I have read Dan Piepenbring’s review of Dan Nadel’s biography of me [“New Books,” April], and just to set the record straight, the “victim” who said, “You don’t cop a feel. You cop a ride,” was a big strong woman who INVITED me to hop on her back and then danced around humming a tune just to show how easy it was for her. I was thrilled, of course, “pervert” that I am. She worked for the parks department in San Francisco and boasted of how part of her job involved carrying ninety-pound sacks of manure, which she said was no big deal for her! Wow! Oh, I love big strong ladies.

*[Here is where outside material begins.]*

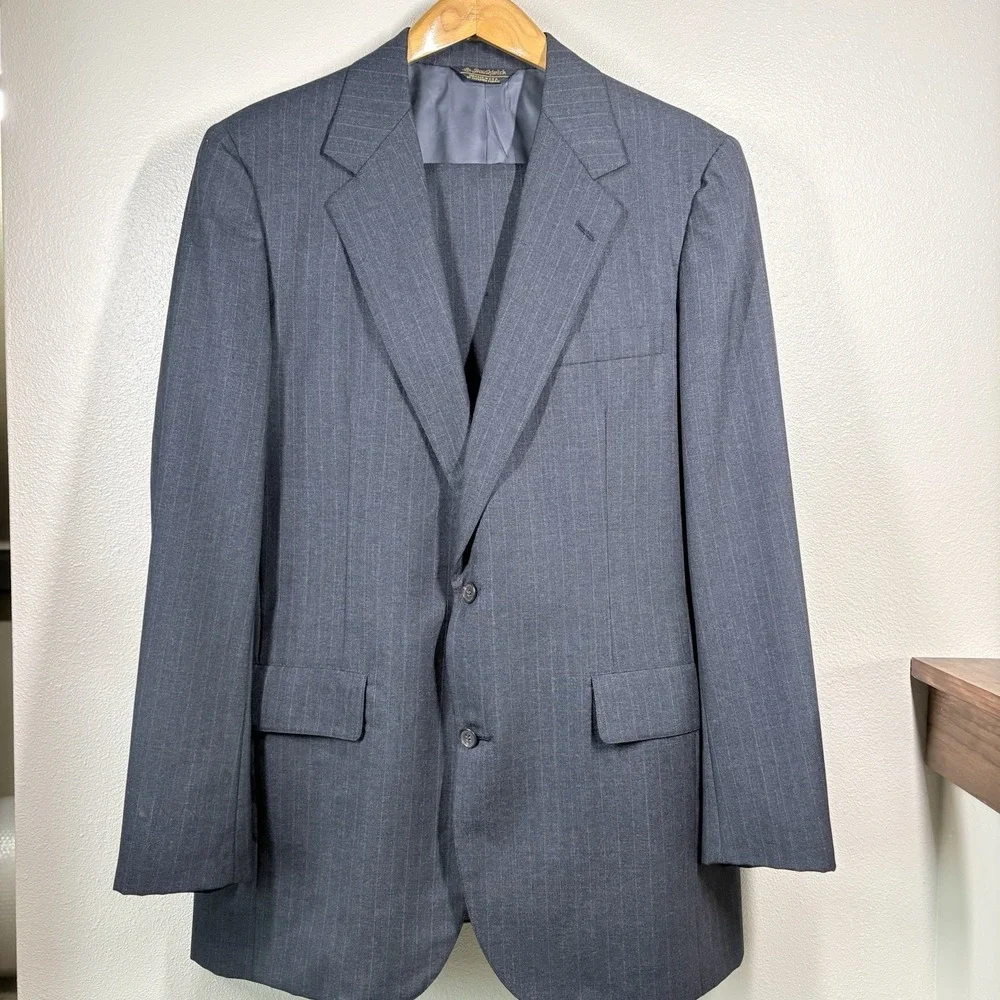 RARE Vintage Southwick 2 Piece Dark Gray Striped  Wool Suit 44R 39x31 Lined Read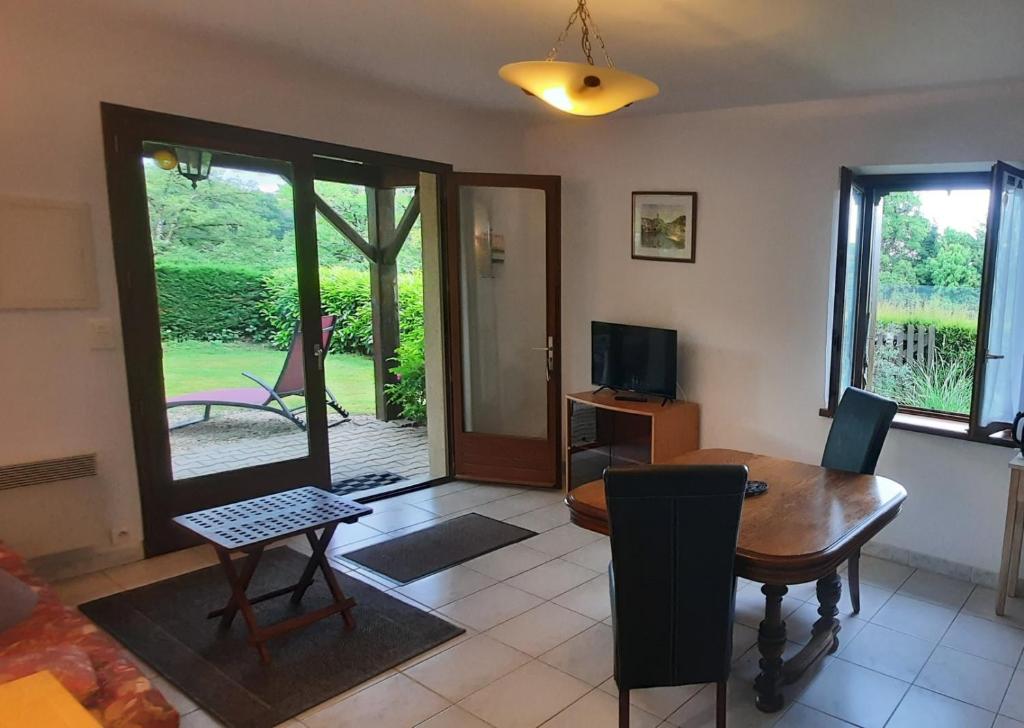 Domaine de Mezeyrac - Laguiole - Apartamento De Una Habitación Con Jardín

And in case you are unaware of it, there are many such women who actually ENJOY being very strong and seem happy to show off their prowess to an appreciative male. Many of these strong women have told me that it was refreshing for them to finally meet a man who was so attracted to them for their powerful physique, and they would often eagerly volunteer to show what they could do. And of course, I had no end of ideas and suggestions for things to do!

A lot of men who are sexually attracted to strong women (most, perhaps) desire to be dominated by them. But I’m the opposite. I like to sexually dominate them! I love it when they let me “conquer” them, when I know full well that there’s no way that I, a skinny weakling of a male, could overpower them against their will. And yes, many strong women are sexually submissive, and want to be “objectified” and ordered about in sex play. Many times they would say things like “Don’t hold back” or “Do your worst.” They knew they could stop me if they wanted to.

Just so you know, I never, ever physically “abused” any woman in real life—only in the comics—except for this one time I broke a chair over Kathy Goodell’s back, but she was undaunted while I caused a bloody gash on my own head in the act. She and I had some fierce fights in those days. She was a hot-tempered woman, but also extremely passionate sexually. Aline, too, was very strong and once gave me a black eye for something flippant I said. I wouldn’t think of hitting her back. In fact, I cried. She was a bit drunk at the time.

Robert Crumb
Sauve, France
Occupational Hazards

Ben Ehrenreich gives sensitive treatment to the acceleration of settler colonialism in the Israeli-occupied West Bank [“After Nonviolence,” Letter from the West Bank, May]. His reporting rejects the tendency of other publications to pathologize Palestinian armed resistance as a vengeful, antidialectical undertaking: the domain of savages whose motivations can be empathized with, but whose methods can never be endorsed as legal, just, or effective. (And his depiction of the Israeli prison system—its starvation, torture, and sexual abuse of prisoners—is a welcome antidote to the near-universal silence on the subject in the mainstream Western press.)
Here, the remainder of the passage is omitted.